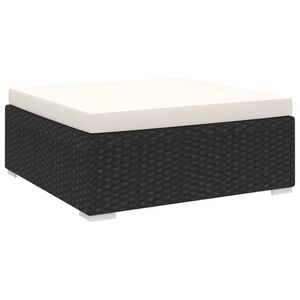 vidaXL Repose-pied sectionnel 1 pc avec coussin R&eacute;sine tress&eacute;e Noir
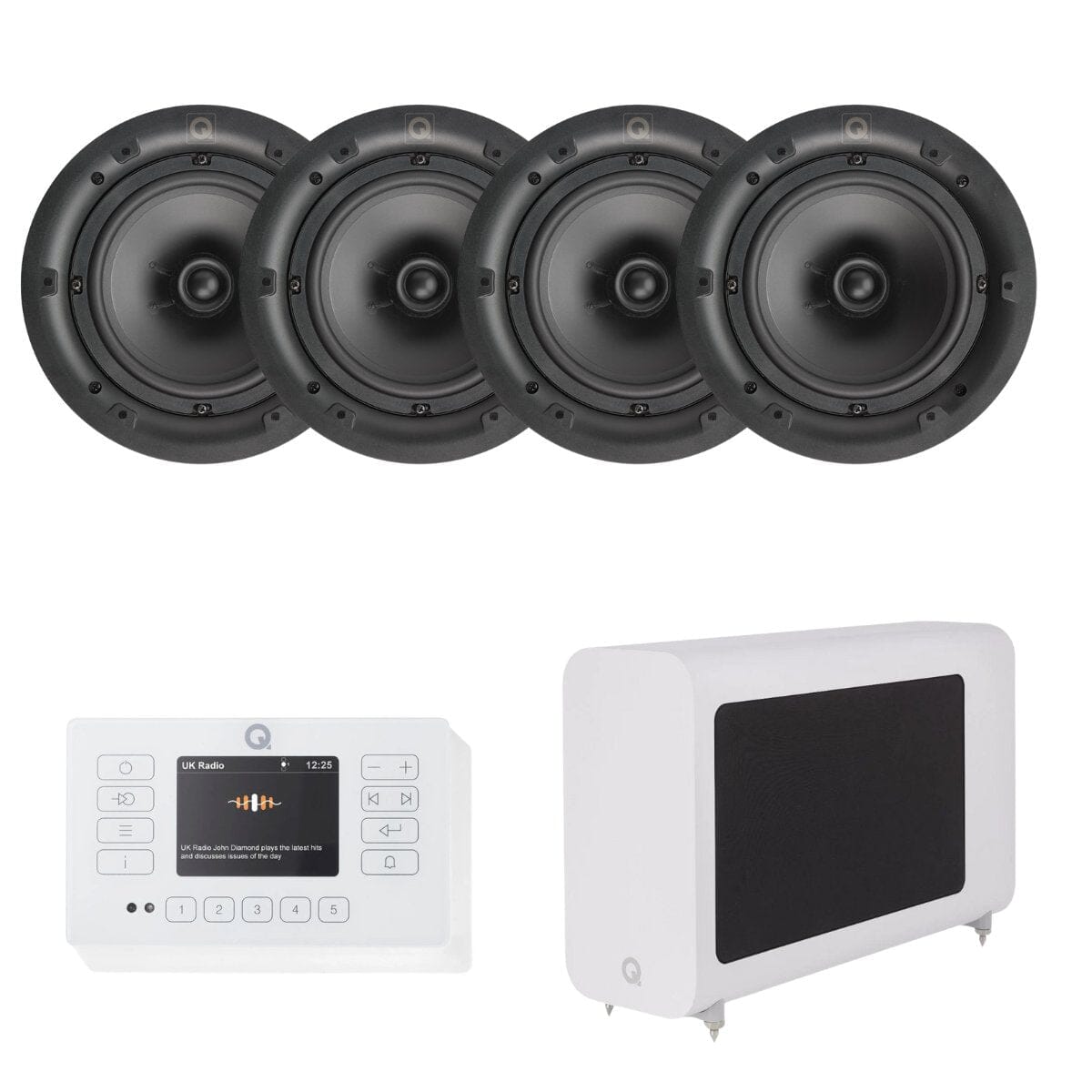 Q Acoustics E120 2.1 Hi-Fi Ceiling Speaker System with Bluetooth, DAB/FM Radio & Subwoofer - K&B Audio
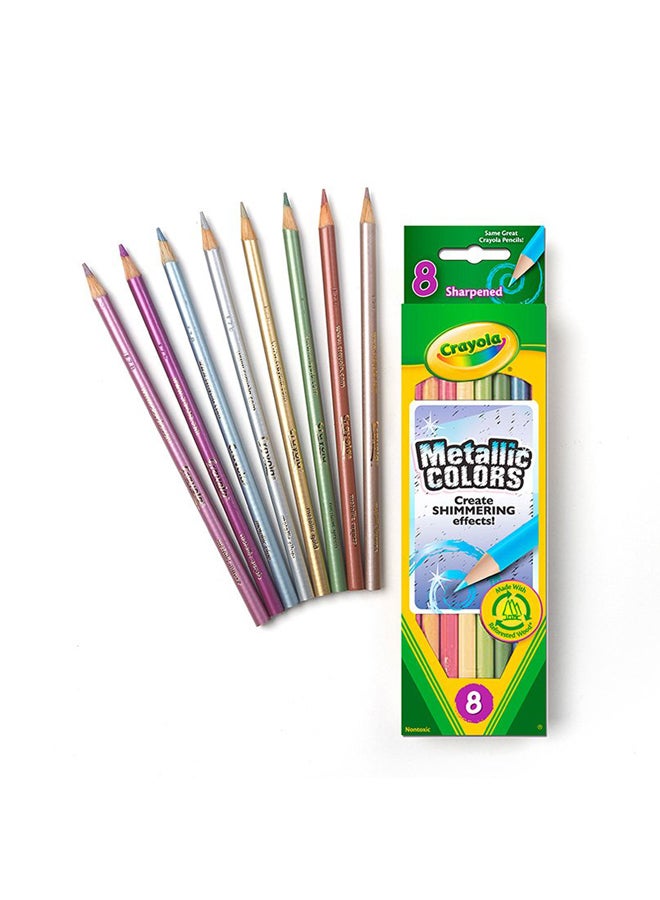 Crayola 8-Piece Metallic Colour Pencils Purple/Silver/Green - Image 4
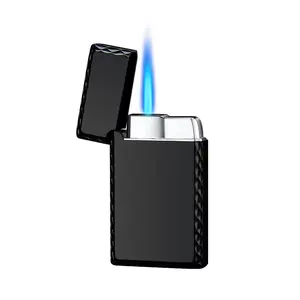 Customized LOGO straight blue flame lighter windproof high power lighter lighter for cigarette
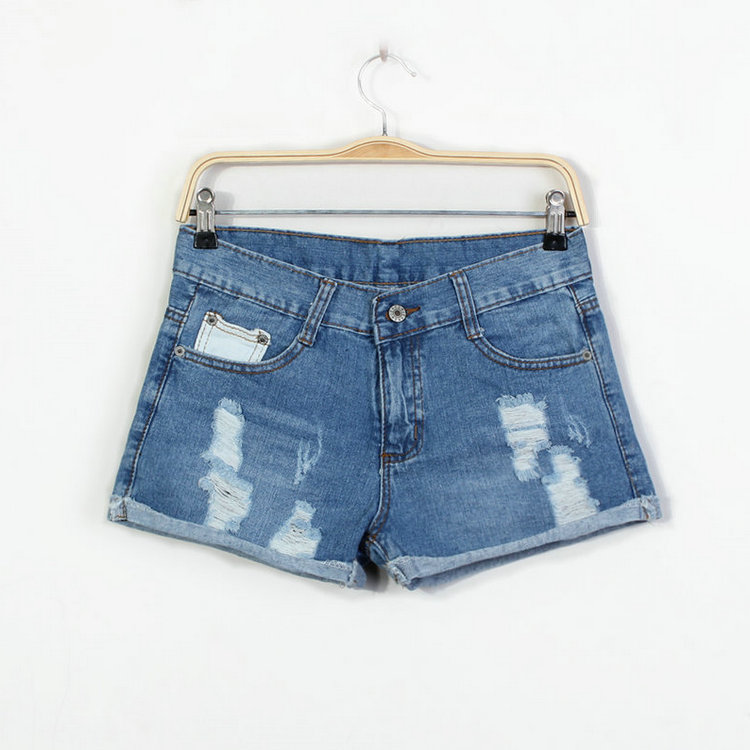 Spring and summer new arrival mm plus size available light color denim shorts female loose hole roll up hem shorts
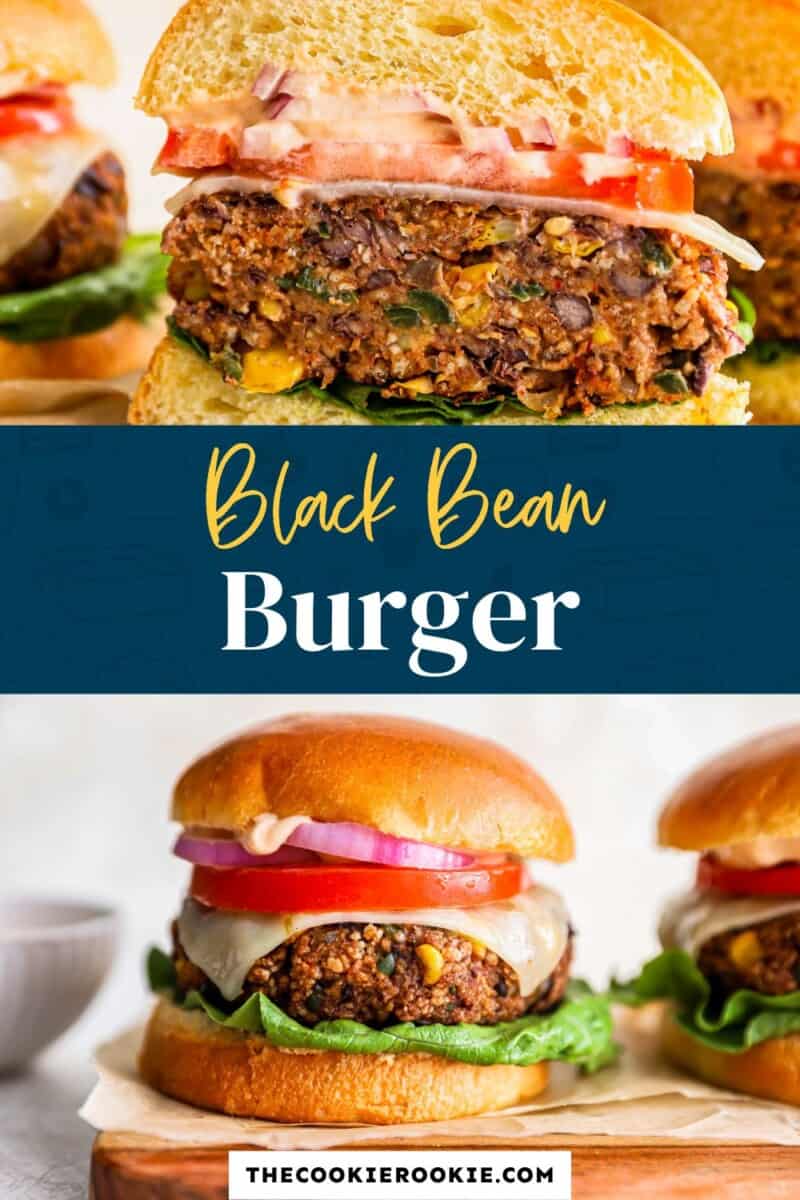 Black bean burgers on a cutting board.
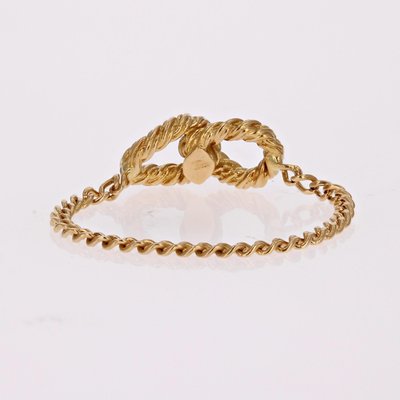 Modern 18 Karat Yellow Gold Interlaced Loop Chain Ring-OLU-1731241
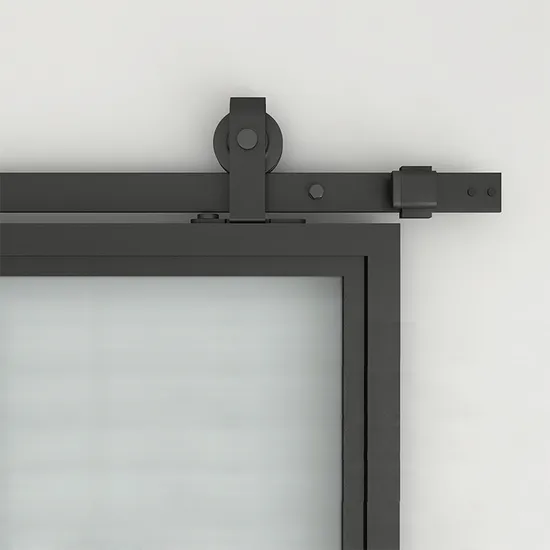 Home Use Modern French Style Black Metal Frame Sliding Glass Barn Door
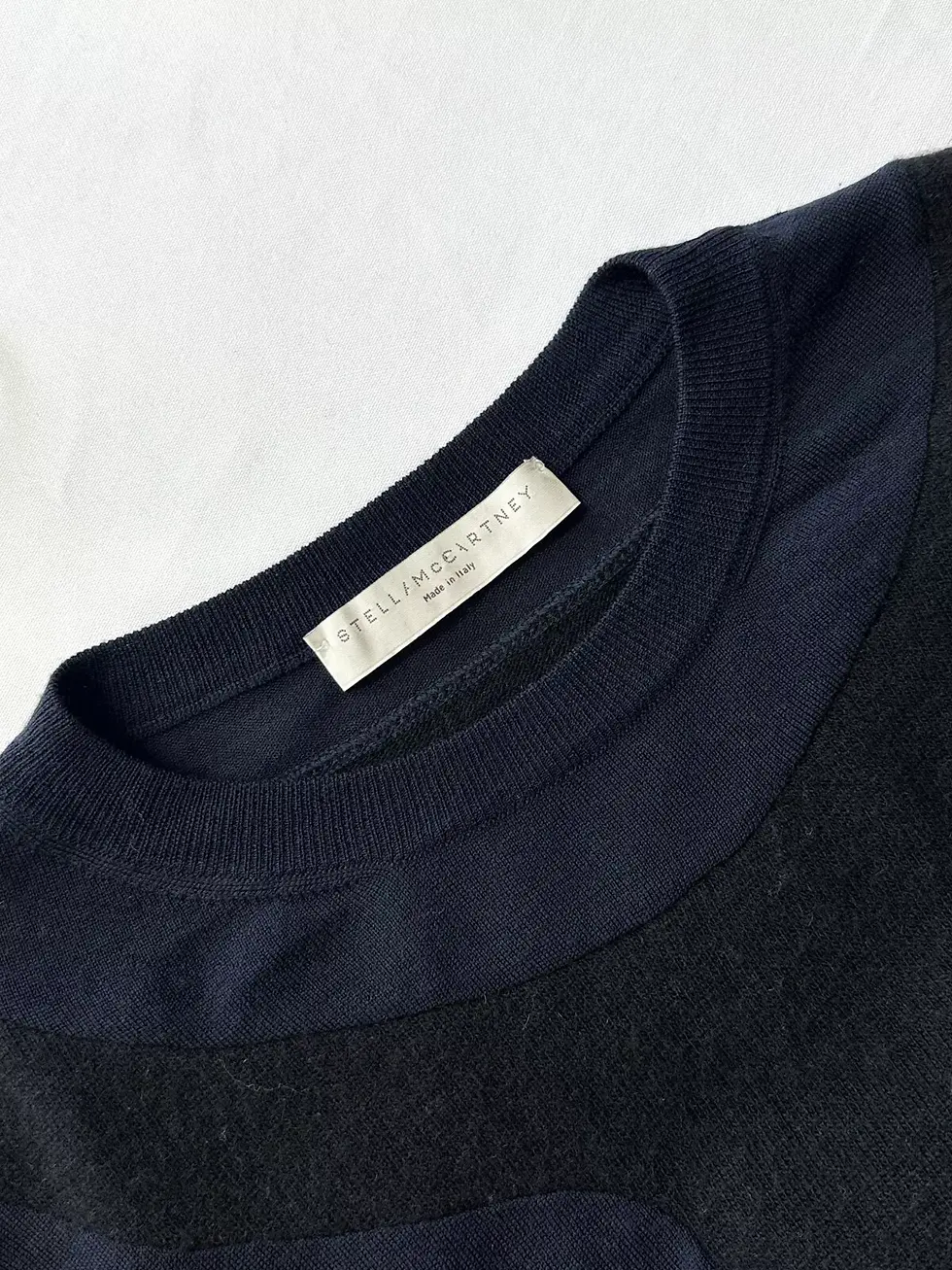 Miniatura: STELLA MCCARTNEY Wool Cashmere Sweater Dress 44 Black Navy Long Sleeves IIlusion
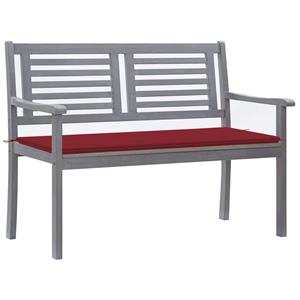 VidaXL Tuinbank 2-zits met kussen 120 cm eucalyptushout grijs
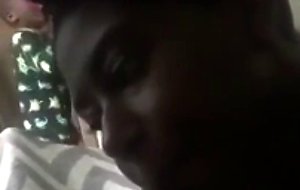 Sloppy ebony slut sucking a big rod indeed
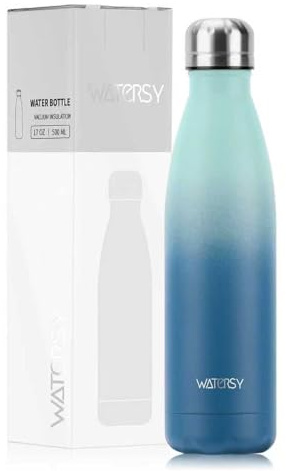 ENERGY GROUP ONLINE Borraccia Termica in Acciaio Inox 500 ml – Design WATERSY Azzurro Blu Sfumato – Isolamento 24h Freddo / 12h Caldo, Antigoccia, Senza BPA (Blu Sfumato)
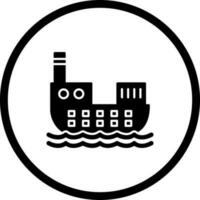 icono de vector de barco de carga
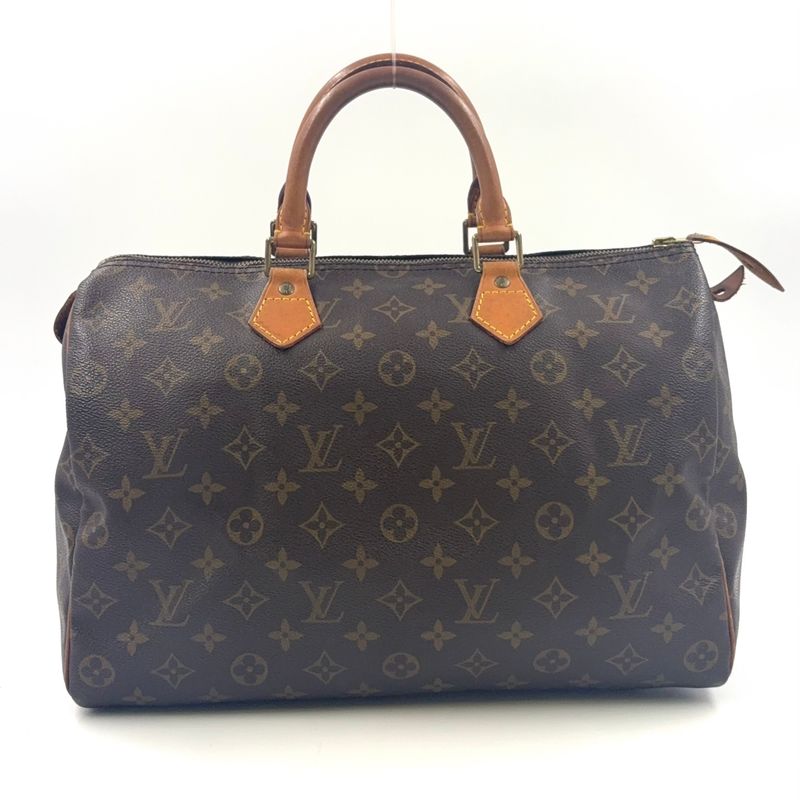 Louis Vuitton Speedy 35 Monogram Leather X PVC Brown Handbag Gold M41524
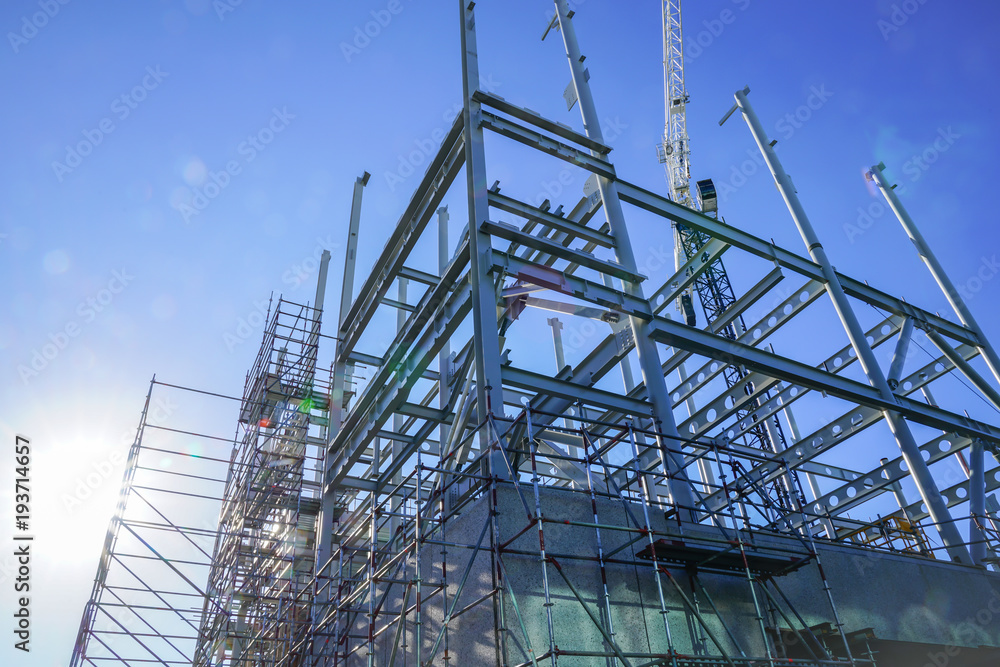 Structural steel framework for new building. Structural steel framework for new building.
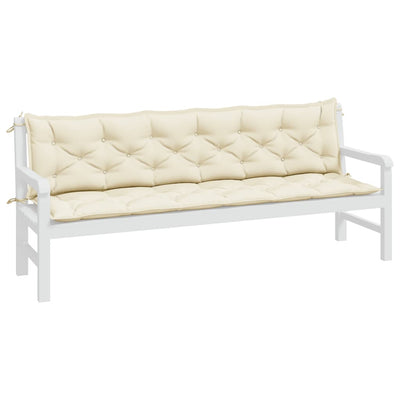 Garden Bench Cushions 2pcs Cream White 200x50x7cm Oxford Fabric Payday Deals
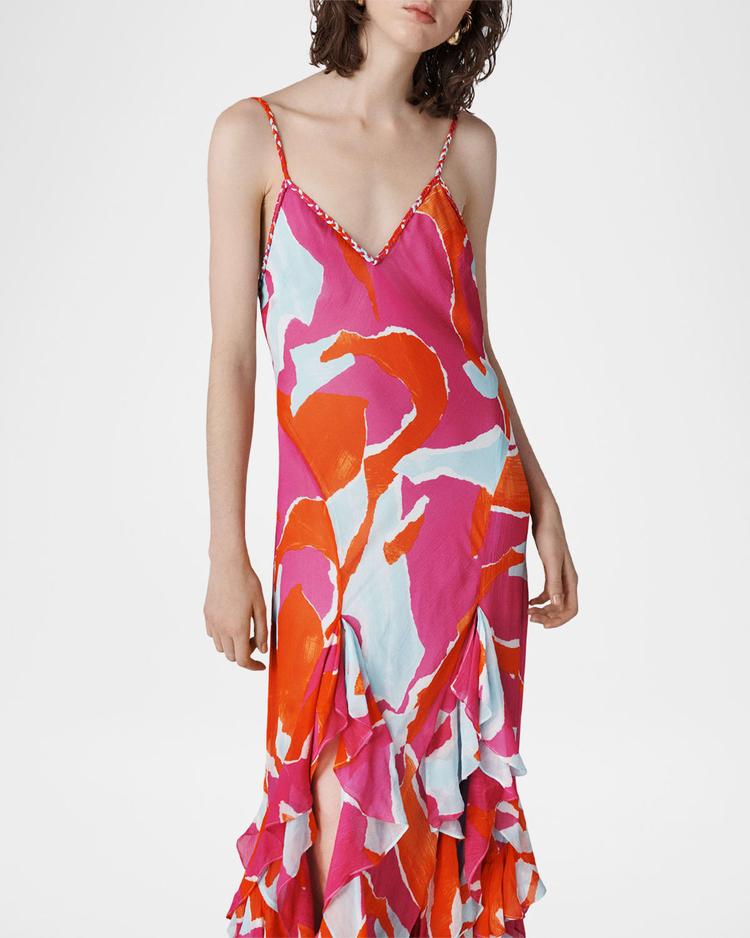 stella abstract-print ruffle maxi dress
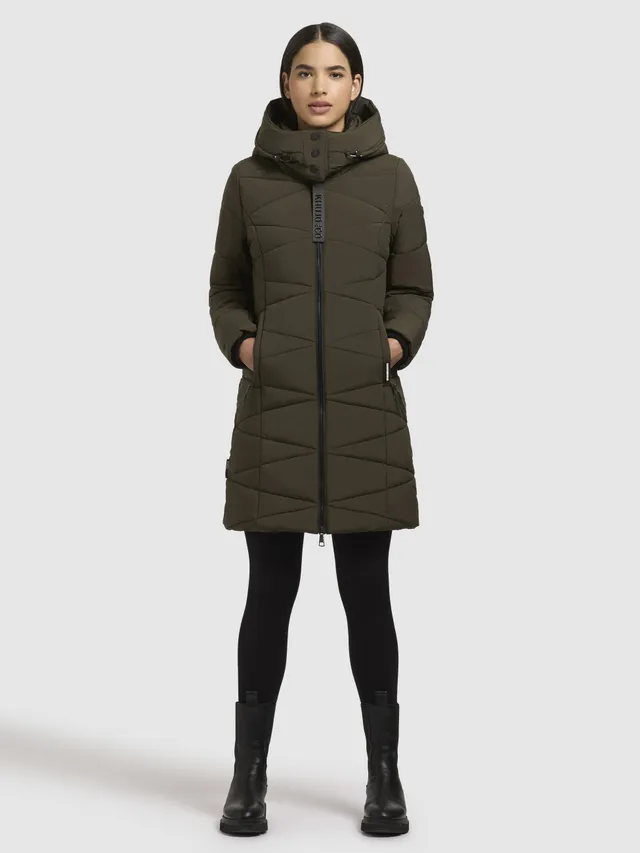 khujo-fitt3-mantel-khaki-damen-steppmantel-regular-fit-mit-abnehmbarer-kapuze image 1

PROBLEM TO SOLVE: The lines to repeat run from the line containing "Sloppy ebony slut sucking a big rod indeed" through the last line of the material above; give them exactly, without the pictures.

TASK SOLUTION:
 Sloppy ebony slut sucking a big rod indeed
 ENERGY GROUP ONLINE Borraccia Termica in Acciaio Inox 500 ml – Design WATERSY Azzurro Blu Sfumato – Isolamento 24h Freddo / 12h Caldo, Antigoccia, Senza BPA (Blu Sfumato)
 icono de vector de barco de carga
 Louis Vuitton Speedy 35 Monogram Leather X PVC Brown Handbag Gold M41524
 Structural steel framework for new building. Structural steel framework for new building.
 Garden Bench Cushions 2pcs Cream White 200x50x7cm Oxford Fabric Payday Deals
 stella abstract-print ruffle maxi dress
 khujo-fitt3-mantel-khaki-damen-steppmantel-regular-fit-mit-abnehmbarer-kapuze image 1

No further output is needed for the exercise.